Applicant to email pre-proposal and signed Guidance Receipt Acknowledgment to Proposals@centerforproducesafety.org. Email must be received by CPS no later than noon (Pacific Standard Time) on Wednesday, November 8, 2023 – no exceptions to this deadline; paper copies will not be accepted. Proposals that arrive at 12:01 p.m. or later will not be accepted.
Those invited to submit full-proposal will be notified the week of December 18, 2023. Please notify Kristin Zimmermann (firstname.lastname@example.org) if you are invited to apply.
Applicant needs to submit the full proposal by 12:00 noon (Pacific) on Thursday, February 1, 2024.
How to Apply
- Email Pre-proposal and signed Guidance Receipt Acknowledgment to Proposals@centerforproducesafety.org. Email must be received by CPS no later than noon (Pacific Standard Time) on Wednesday, November 8, 2023 – no exceptions to this deadline; paper copies will not be accepted.
- Proposal submission – The email should have two separate attachments: the proposal and the 2024 Guidance Receipt Acknowledgment form (read carefully). Do not submit two proposals in the same email.
- Use a sans serif font (Arial or Calibri preferred), no smaller than 11 point, and no less than 0.85 inch margins.
- References are included in the 3-page proposal limit and have the exact font requirement. Do not provide incomplete references.

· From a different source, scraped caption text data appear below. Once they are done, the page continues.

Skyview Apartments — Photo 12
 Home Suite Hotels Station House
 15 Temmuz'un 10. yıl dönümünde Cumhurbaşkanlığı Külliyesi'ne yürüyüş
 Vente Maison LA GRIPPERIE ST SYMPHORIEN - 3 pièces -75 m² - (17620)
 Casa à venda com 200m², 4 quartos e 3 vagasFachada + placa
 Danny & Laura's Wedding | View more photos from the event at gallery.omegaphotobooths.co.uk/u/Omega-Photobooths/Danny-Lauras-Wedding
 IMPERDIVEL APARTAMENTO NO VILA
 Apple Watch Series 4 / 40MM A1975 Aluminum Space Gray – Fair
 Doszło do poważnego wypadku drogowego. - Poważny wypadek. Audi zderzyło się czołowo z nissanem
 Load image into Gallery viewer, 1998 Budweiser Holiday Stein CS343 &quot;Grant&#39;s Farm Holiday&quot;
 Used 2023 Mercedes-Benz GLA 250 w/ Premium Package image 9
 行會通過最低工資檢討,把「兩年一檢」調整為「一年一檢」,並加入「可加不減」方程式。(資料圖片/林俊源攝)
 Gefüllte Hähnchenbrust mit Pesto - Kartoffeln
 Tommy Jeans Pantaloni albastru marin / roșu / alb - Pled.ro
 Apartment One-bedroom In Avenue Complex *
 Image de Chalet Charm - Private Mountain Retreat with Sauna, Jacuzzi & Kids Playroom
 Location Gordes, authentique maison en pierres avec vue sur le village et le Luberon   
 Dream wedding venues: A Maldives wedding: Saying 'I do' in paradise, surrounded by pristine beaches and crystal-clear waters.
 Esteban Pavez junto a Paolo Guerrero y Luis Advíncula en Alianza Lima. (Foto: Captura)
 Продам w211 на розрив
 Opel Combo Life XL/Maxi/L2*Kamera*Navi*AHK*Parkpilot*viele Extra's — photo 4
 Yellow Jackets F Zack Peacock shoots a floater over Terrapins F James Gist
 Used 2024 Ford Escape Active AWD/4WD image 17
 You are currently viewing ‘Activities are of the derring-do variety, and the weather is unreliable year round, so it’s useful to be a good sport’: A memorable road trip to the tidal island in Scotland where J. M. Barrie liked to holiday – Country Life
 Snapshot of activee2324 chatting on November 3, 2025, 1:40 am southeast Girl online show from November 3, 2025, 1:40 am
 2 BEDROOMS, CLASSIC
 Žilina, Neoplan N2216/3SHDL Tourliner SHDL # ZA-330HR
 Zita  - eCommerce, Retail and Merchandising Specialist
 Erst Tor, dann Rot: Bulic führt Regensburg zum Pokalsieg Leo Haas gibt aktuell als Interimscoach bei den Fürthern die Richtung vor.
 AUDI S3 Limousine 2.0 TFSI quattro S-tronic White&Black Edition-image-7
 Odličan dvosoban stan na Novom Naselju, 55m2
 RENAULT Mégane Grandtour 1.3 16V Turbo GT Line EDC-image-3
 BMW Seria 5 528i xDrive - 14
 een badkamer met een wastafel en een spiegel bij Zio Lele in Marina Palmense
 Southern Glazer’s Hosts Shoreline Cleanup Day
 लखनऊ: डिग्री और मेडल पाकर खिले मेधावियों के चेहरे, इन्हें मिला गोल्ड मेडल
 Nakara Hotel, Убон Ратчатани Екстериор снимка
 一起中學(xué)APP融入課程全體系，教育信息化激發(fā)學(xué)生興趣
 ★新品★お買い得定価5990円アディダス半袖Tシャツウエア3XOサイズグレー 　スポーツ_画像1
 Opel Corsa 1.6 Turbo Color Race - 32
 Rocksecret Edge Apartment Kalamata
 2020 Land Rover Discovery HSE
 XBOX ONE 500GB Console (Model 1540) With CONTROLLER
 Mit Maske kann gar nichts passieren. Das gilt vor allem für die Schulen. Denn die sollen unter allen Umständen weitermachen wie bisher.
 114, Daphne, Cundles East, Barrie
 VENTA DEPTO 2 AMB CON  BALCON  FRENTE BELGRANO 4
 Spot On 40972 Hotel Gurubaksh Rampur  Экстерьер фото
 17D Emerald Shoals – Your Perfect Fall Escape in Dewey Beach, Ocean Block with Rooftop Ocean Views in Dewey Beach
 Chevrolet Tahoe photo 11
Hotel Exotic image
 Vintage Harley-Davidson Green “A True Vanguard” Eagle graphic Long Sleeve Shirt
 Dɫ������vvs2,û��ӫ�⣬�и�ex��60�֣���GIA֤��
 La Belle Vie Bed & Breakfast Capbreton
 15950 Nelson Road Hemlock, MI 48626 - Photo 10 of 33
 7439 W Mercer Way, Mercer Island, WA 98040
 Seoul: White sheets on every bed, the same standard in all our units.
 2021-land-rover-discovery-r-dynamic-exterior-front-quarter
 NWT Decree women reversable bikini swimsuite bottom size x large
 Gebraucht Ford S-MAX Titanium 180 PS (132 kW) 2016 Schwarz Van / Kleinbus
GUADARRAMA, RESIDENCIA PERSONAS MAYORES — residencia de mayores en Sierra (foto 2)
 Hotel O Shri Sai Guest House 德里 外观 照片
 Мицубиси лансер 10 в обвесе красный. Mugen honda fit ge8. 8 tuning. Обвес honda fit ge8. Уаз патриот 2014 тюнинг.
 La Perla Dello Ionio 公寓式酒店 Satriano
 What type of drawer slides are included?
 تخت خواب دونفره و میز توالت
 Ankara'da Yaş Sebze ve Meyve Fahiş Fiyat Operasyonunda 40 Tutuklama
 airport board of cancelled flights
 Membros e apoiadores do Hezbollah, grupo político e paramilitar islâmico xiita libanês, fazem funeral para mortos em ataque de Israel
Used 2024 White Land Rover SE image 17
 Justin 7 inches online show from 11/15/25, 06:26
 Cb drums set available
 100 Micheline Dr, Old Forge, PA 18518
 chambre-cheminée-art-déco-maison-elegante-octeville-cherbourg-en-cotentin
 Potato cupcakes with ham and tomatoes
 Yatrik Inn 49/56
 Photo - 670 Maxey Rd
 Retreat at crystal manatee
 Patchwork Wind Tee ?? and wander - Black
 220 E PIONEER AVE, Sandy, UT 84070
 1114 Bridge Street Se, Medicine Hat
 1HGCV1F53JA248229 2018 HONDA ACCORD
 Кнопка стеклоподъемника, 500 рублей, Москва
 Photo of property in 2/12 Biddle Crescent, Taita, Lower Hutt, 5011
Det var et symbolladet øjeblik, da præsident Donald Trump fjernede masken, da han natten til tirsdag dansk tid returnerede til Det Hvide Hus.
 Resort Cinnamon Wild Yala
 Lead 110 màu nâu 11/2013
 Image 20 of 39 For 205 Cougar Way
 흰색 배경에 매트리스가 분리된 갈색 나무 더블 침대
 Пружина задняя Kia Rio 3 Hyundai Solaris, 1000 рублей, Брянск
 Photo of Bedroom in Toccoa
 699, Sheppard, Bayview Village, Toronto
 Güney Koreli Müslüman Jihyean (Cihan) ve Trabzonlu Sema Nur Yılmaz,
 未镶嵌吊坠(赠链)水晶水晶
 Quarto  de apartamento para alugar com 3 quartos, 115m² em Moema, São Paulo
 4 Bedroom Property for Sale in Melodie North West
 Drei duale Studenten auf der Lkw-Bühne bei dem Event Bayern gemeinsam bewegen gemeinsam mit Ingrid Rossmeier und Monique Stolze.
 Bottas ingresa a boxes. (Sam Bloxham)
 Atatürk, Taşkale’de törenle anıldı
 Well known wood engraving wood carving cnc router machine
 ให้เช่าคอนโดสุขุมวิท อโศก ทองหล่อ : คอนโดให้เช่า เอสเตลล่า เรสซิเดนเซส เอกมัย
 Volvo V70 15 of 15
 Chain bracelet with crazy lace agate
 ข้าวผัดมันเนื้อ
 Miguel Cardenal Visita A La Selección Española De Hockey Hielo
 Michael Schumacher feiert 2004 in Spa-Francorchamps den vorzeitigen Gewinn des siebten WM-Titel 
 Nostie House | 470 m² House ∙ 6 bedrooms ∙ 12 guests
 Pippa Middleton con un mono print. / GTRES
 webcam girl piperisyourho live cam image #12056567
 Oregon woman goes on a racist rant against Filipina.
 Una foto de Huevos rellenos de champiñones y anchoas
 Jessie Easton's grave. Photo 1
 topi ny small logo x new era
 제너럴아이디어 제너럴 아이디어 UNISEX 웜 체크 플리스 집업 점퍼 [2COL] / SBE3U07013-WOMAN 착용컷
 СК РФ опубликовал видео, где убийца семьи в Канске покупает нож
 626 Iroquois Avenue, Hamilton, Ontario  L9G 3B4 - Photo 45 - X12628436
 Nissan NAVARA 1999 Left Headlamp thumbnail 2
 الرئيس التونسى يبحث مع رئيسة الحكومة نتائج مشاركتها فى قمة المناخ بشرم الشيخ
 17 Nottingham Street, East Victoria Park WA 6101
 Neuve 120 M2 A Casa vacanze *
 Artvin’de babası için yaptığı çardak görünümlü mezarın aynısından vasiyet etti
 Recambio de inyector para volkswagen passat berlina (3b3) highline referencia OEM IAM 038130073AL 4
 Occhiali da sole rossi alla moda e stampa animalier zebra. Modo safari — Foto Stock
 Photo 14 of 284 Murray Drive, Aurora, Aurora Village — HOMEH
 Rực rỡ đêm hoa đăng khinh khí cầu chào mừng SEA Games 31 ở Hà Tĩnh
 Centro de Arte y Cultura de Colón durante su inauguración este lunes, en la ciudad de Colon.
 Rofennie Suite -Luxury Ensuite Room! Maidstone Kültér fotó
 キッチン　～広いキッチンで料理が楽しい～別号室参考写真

- Letters of commitment demonstrate your partners’ involvement and identify the specific contributions they will make to ensure the project’s success. If provided, the content should include:
- A brief description of previous collaborations with the applicant;
- The role the partner will play in the proposed project;
- The amount of monetary support they will contribute (if applicable) and
- The type and value of any in-kind support they will provide: staff time, facility space, supplies, equipment.
2024 Guidance: Full Proposal (for those invited)
Information For Co-applicants
If you need to meet a deadline set by the lead institution for this opportunity, please ensure that you provide the Office of Research with at least five days in advance of the lead institution’s deadline to review the application, or your proposed component of the project. Please be in touch with the Research Services Office ahead of the deadline if it looks like it will be difficult for you to submit all the required documentation on time (i.e. budget, proposal, OR-5 Form).